▶ WORK TO BE COMPLETED: For each record, copy the text exactly and omit any picture it holds.

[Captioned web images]
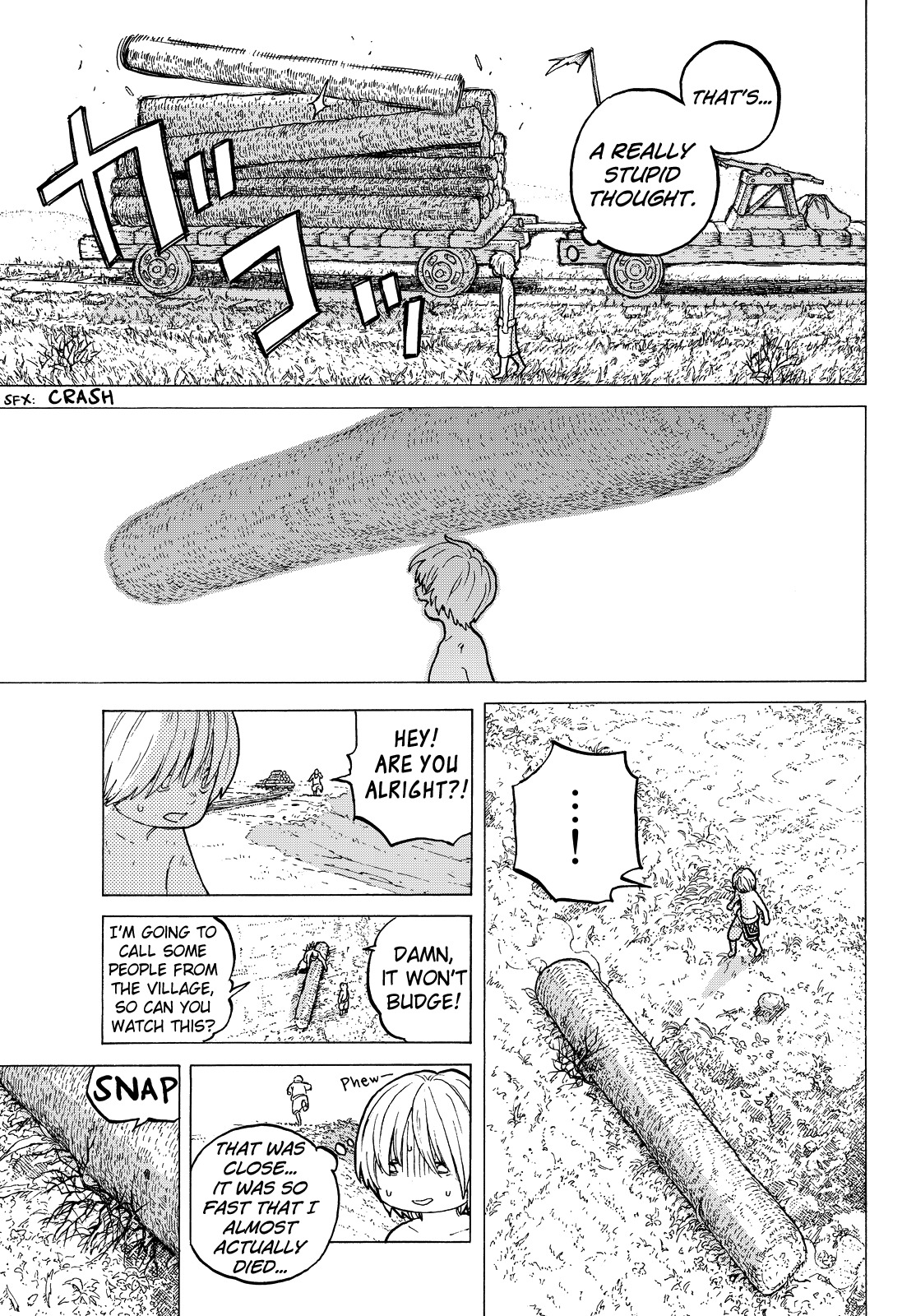 To You, The Immortal Chapter 14 page 16 - Chapter 14: Boys who Wish for Change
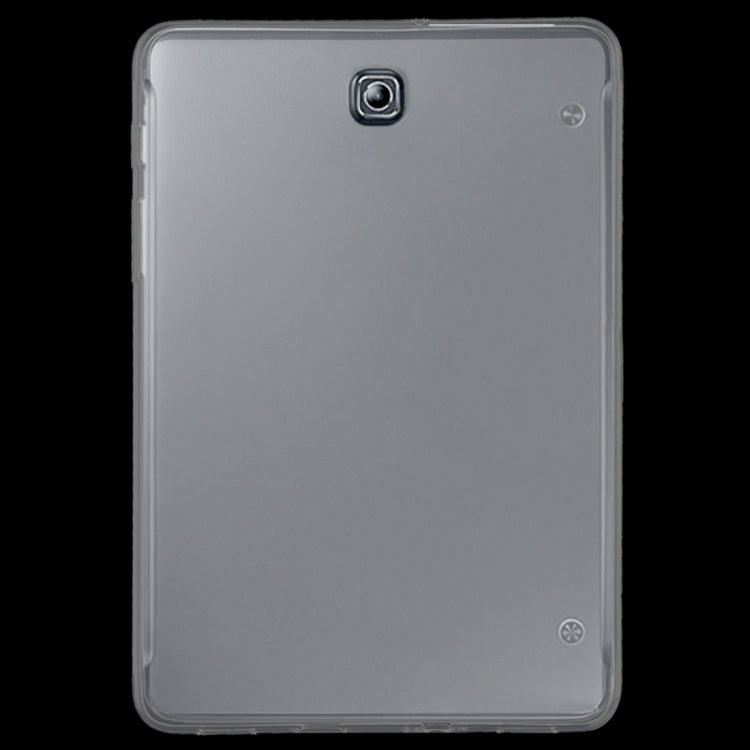 For Galaxy Tab S2 8.0 T710 0.75mm Ultrathin Outside Glossy Inside Frosted TPU Soft Protective Case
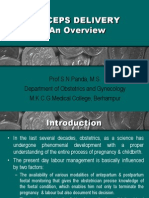 ForcepsDelivery Overview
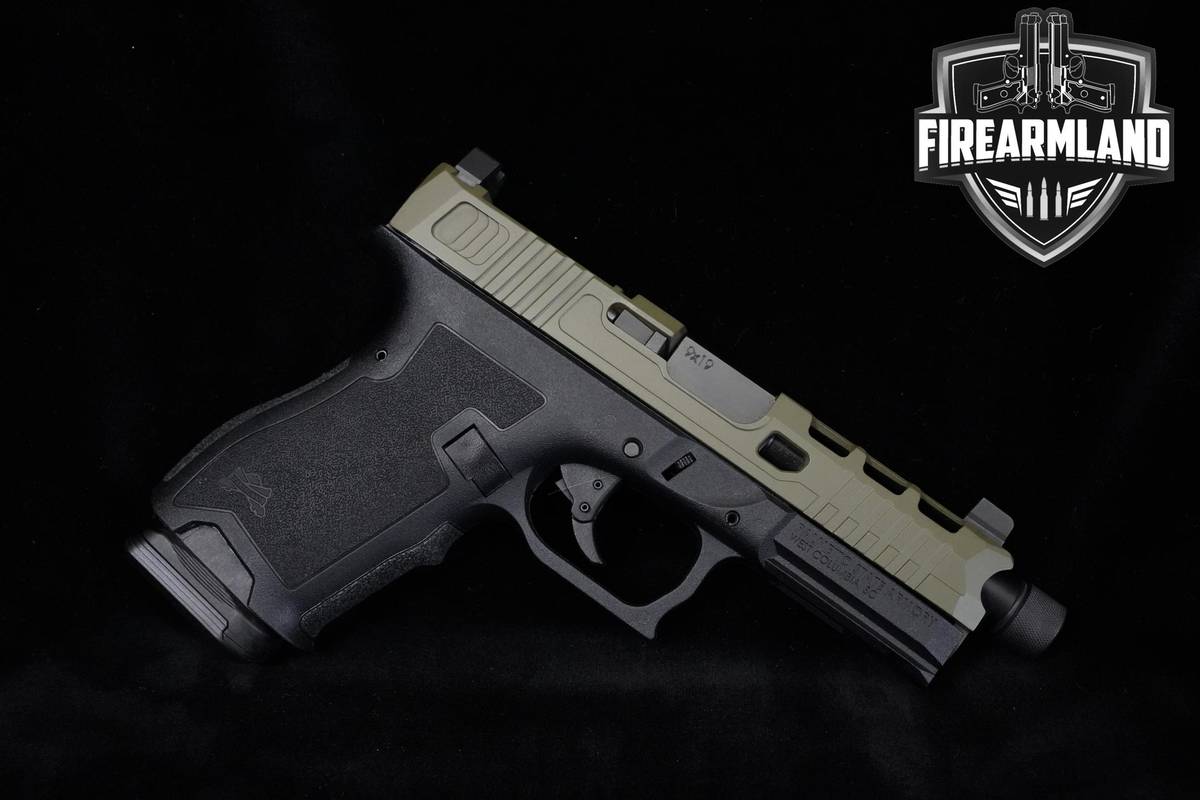 Palmetto State Armory (PSA) Dagger Compact 9mm 4.5" CERAKOTE PSA +ORIG CASE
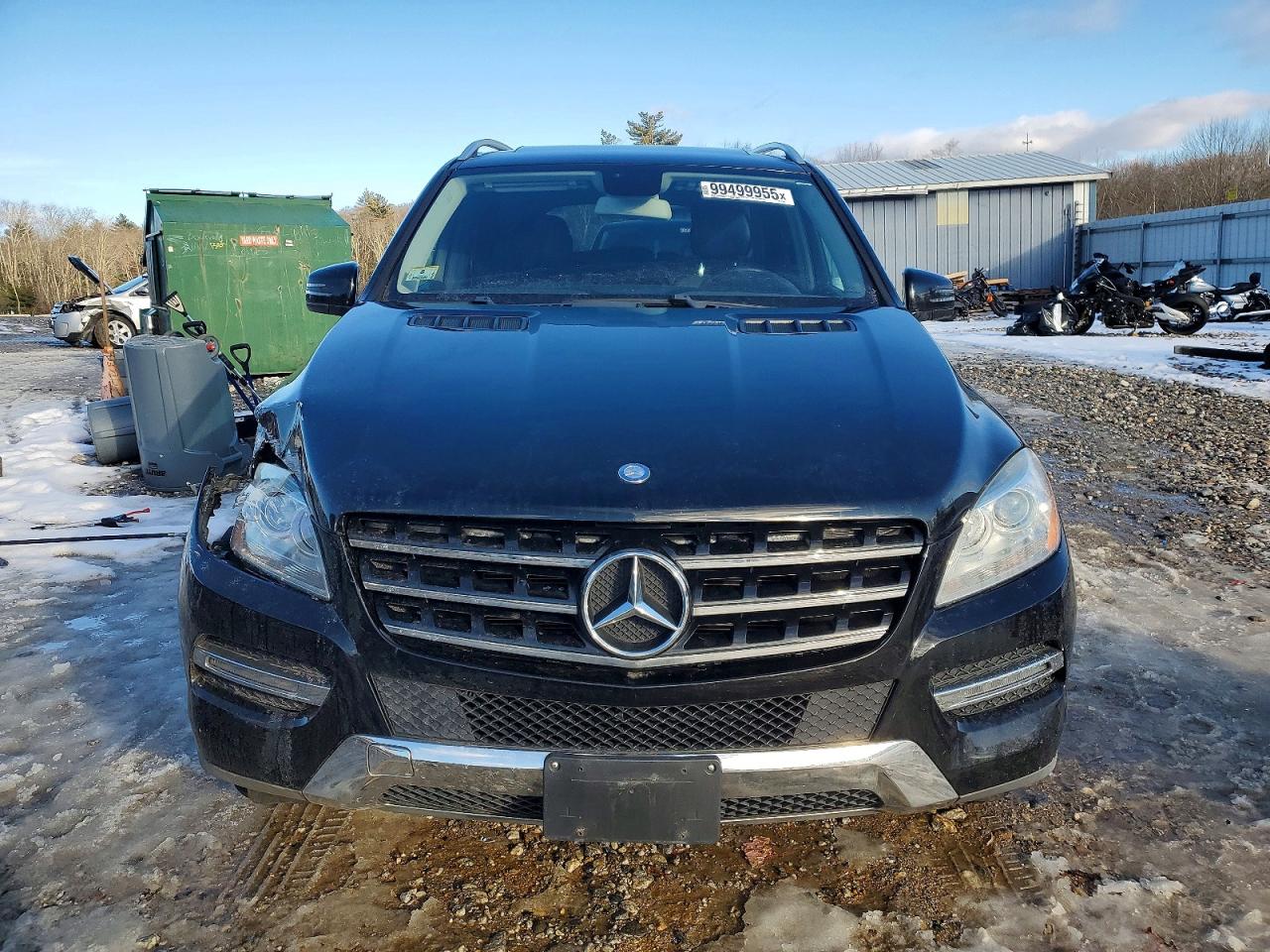 2014 MERCEDES-BENZ M-CLASS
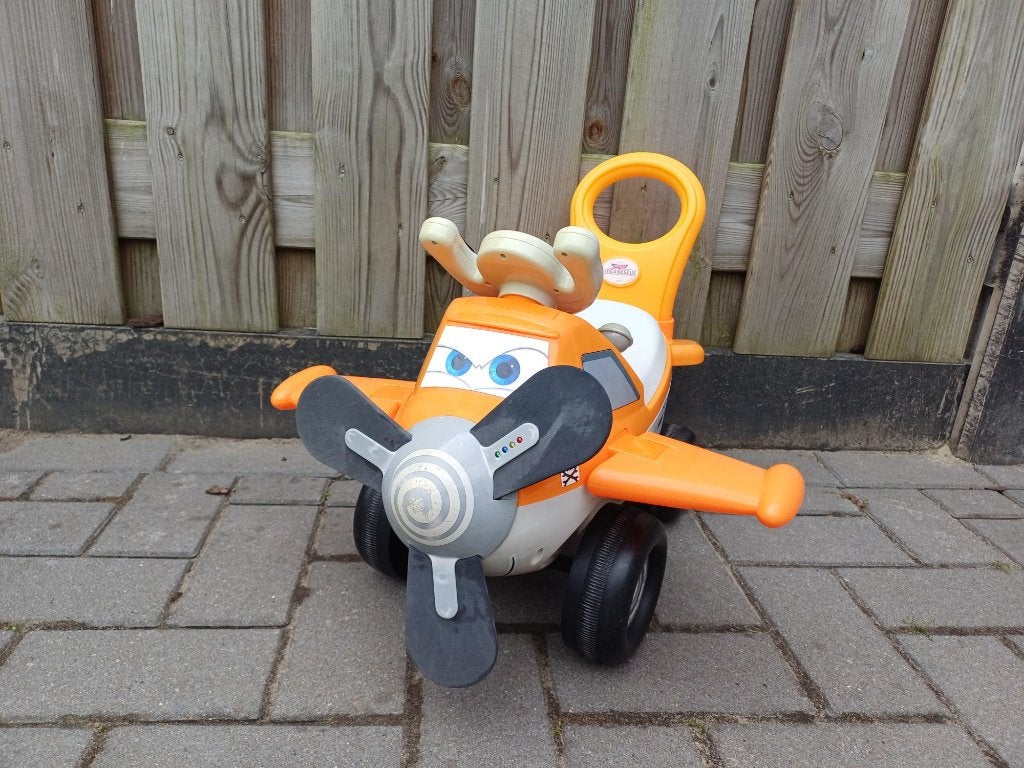 Disney Planes Loopvliegtuig / loopauto, Ophalen, Gebruikt, Loopvoertuig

▶ YOUR SOLUTION:
 To You, The Immortal Chapter 14 page 16 - Chapter 14: Boys who Wish for Change
 For Galaxy Tab S2 8.0 T710 0.75mm Ultrathin Outside Glossy Inside Frosted TPU Soft Protective Case
 ForcepsDelivery Overview
 Palmetto State Armory (PSA) Dagger Compact 9mm 4.5" CERAKOTE PSA +ORIG CASE
 2014 MERCEDES-BENZ M-CLASS
 Disney Planes Loopvliegtuig / loopauto, Ophalen, Gebruikt, Loopvoertuig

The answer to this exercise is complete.